Miranda emphasizes that the mood in her neighborhood was festive; she is creating a clear sense of before and after, with the asteroid’s appearance being the boundary between the two. And though she describes people as being outside, they don’t really join together or socialize. Miranda cares about her neighbors in the abstract collective, but except for Mrs. Nesbitt, who is “family,” she has no real bonds with them as individuals.
After the asteroid hits the moon, the mood quickly changes. Miranda says that the impact was shocking, and felt like an attack on “Our Moon.” The cheering changes to screaming as the moon’s angle shifts and its visibility increases from half to three-quarters while it simultaneously looms larger in the sky. Craters that were before only visible through the telescope can now be seen with just the naked eye, and the moon as a whole feels ominous. The attitude in the neighborhood is the panic Matt predicted, and when the Evanses try and call him they can’t get through. TV channels, cell signals, and the Internet are also not working when they attempt to check for news. Jonny asks if the world is coming to an end, and Laura reassures him that it’s not, and that he still has school in the morning.
Miranda’s first instinct is to personalize what has happened, throwing a possessive pronoun in front of ‘moon’ and describing how its changed appearance scares her. Laura’s immediate actions then foreshadow how she will deal with the aftermath: she attempts to contact Matt and checks the news.

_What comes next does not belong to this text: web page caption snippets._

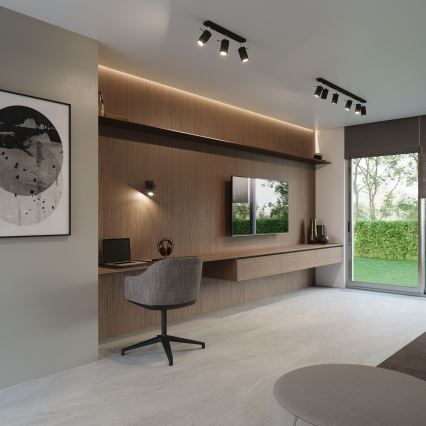 Brilagi -  LED väggspotlight ASMUS 1xGU10/7W/230V svart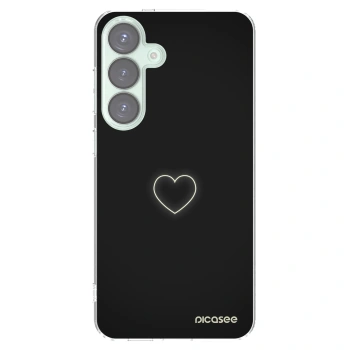 Picasee silikónový prehľadný obal pre Samsung Galaxy S25+ 5G - Heart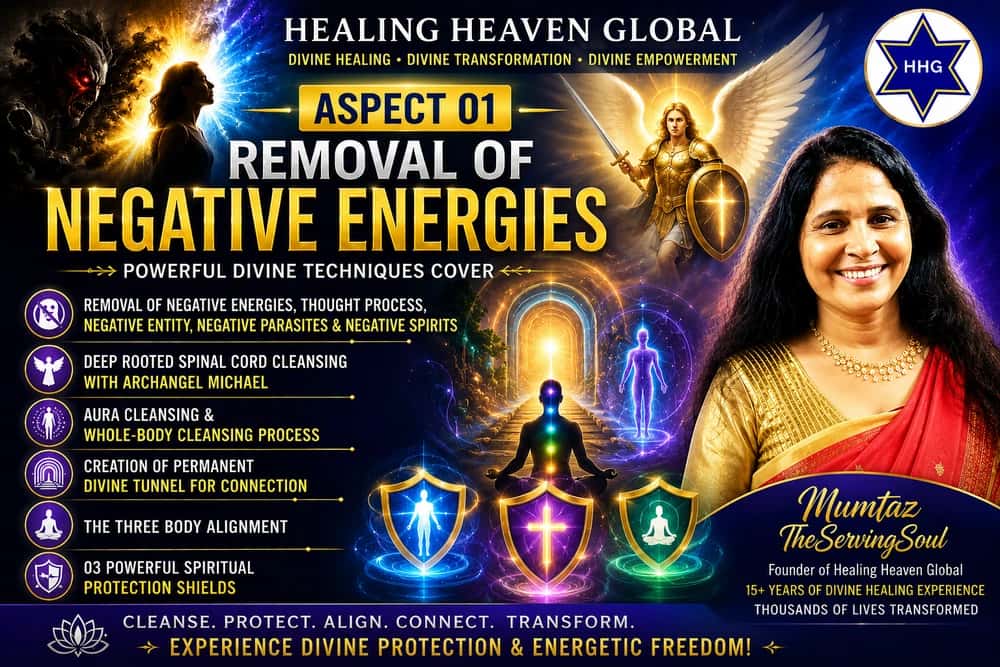 đź”®ASPECT 01:Removing Negative Energies, AuraEnergizing, Enhancing& Deep Rooted Spinal Cord Cleansing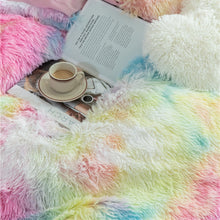 Load image into Gallery viewer, Fluffy Faux Mink &amp; Velvet Fleece Quilt Cover Set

Prioritizing family and news will be Laura’s dual priorities for the rest of the story. But news, something that they had previously been able to take for granted, is now a precious commodity—its value increased as its access becomes erratic.
Matt calls from a payphone to report that conditions are the same in Ithaca, NY. Laura tries, but is unable to reach Hal or Grandma. The TV signal fades in and out as the Evanses stress-eat the whole plate of cookies and learn that because of the moon’s increased pull on the tides, there have been extensive tsunamis and coastal flooding. The Statute of Liberty has washed away; Cape Cod and all the barrier islands along the east coast are submerged. Laura worries about her publishers in Boston and New York, while Miranda is grateful that Matt and Hal are nowhere near the ocean.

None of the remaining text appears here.